▸ **Work task**
Set down again exactly the lines of the listing below that fall between the line holding "Goddvenus D Curl" and the line holding "A lively market", inclusive.
(Data extracts Opens)
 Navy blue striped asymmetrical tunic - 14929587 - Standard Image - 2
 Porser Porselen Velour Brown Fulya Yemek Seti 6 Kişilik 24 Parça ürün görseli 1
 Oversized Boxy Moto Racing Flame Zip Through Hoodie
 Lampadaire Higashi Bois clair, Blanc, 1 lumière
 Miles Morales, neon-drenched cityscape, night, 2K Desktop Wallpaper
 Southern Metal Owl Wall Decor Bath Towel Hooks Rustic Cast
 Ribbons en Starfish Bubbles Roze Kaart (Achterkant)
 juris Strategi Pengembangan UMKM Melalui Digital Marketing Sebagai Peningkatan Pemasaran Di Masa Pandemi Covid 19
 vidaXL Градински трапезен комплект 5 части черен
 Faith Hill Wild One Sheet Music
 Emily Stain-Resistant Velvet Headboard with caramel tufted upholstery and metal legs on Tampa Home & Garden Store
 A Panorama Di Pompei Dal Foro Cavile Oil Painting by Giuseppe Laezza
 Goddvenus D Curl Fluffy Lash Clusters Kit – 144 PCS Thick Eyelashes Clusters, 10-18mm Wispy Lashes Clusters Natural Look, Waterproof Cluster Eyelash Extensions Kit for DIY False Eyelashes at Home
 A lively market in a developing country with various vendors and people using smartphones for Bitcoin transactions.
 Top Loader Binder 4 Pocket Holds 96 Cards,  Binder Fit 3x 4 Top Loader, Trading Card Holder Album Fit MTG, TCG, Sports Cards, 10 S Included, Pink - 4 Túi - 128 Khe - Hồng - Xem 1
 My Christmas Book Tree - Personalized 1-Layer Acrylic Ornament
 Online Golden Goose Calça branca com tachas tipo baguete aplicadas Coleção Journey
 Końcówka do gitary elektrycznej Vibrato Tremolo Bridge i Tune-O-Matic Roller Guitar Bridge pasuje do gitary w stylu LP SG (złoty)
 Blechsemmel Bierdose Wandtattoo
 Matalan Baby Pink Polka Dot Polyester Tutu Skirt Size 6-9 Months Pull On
(Data extracts Closes)
▸ **Expected answer**
 Goddvenus D Curl Fluffy Lash Clusters Kit – 144 PCS Thick Eyelashes Clusters, 10-18mm Wispy Lashes Clusters Natural Look, Waterproof Cluster Eyelash Extensions Kit for DIY False Eyelashes at Home
 A lively market in a developing country with various vendors and people using smartphones for Bitcoin transactions.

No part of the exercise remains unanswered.